这天,一大清早,自从把时唯唯接回国后还没露过面的司绍廷过来了。
池逸正在喂狗,达芬奇和拉斐尔两只小家伙很能干饭,长得也很快。看见司绍廷,他站起身,“唯唯还在睡。”
时唯
唯前一晚抱着一本讲训犬的书,看到很晚,他催了几回才肯放下睡觉,早上自然起不来。
司绍廷蹲下身,挨个摸了摸凑上来友好摇尾巴的两只小狗,“我原本也打算等回国来安顿下来,好好给唯唯挑两只温顺的小狗。”
他对池逸道,“你挑得不错,这两只的身体条件和性格都很好,前几天长途飞行也很乖很淡定。回头我找个训犬师,给它们好好训练一下。”
池逸说:“唯唯想自己学着训。”
司绍廷眉梢微挑,那天之后,这还是他头一次听到,唯唯主动地表达了想做点什么的想法。
这无疑是好的进展,司绍廷点点头,“也行,不过训犬师还是备着吧,有搞不懂的问题,随时有个专业人士可以咨询。”
池逸自然不反对。
他看着司绍廷起身,在沙发上坐下,默默地审视眼前这个辈分不低,年龄却其实比他也没大几岁的小舅舅。
年轻的男人身形高大,眉眼冷峻深邃,举手投足间自然地流露出一股沉稳矜贵的气质。一个毫无疑问的,天生的上位者。
在此之前,池逸其实没见过他几回,多数时候都是听时唯唯小嘴叭叭说个不停,小舅舅这也会那也会,仿佛上天入地无所不能。
他当然也听到过其他的传闻,羽翼渐丰、锋芒毕露的弟弟,暗中盯着异母长姐的继承人位置,野心勃勃地筹谋着,随时可能暴起一击,好取而代之。

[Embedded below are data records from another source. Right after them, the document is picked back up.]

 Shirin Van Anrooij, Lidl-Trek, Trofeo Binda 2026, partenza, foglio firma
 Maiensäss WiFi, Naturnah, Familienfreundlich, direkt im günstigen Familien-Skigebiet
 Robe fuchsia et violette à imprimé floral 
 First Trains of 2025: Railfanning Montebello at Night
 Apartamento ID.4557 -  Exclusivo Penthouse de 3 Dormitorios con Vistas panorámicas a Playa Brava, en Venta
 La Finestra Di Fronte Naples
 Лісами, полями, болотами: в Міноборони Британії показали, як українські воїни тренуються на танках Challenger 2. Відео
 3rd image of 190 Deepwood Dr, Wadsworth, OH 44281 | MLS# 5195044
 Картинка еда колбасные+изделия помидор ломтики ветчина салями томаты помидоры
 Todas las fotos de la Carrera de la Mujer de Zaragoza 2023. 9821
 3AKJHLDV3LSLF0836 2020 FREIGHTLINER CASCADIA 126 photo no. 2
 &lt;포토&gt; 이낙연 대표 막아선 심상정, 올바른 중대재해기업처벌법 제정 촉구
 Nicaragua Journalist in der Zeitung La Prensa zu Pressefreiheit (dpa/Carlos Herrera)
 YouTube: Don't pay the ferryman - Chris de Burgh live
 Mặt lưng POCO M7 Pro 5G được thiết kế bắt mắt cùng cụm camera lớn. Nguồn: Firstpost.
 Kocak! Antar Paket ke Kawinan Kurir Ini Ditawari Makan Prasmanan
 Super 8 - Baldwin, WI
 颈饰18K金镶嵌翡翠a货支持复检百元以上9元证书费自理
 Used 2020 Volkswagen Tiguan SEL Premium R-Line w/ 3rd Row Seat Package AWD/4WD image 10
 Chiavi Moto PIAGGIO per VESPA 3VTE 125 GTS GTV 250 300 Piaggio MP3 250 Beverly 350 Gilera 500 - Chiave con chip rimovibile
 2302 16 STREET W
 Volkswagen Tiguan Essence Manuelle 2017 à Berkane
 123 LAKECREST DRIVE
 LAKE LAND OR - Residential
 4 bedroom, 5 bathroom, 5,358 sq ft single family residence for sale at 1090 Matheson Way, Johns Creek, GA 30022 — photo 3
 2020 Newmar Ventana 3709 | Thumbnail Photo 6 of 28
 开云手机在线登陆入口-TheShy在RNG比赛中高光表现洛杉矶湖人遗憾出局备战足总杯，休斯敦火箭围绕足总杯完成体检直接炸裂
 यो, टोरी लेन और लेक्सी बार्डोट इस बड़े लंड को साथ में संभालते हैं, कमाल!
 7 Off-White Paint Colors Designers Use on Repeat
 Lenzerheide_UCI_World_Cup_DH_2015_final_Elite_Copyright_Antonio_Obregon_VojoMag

在枪击案发生后,对枪手的动机猜测众说纷纭,甚至还有一种阴谋论——那个丧心病狂的枪手就是司绍廷安排的,目标就是除掉长姐,杀了那么多人都是为了掩盖住这个真正的目标,最后枪手被当场击毙,死无对证。
再疯狂的阴谋论也总有人信,可这样的风声能流传出来,池逸很难不怀疑,背后有人在推动。
在池逸打量司绍廷的同时,司绍廷也在审视他。>>
眸光扫过少年手腕上的黑色手绳,那天在医院里,他就注意到了。那颗羊脂玉的小石头,是他在拍卖会上拍到的古董,还没捂热,就被小丫头看上,软磨硬泡的要走了。
这些天他虽然没怎么露面,但不代表他不清楚外甥女身边的一举一动。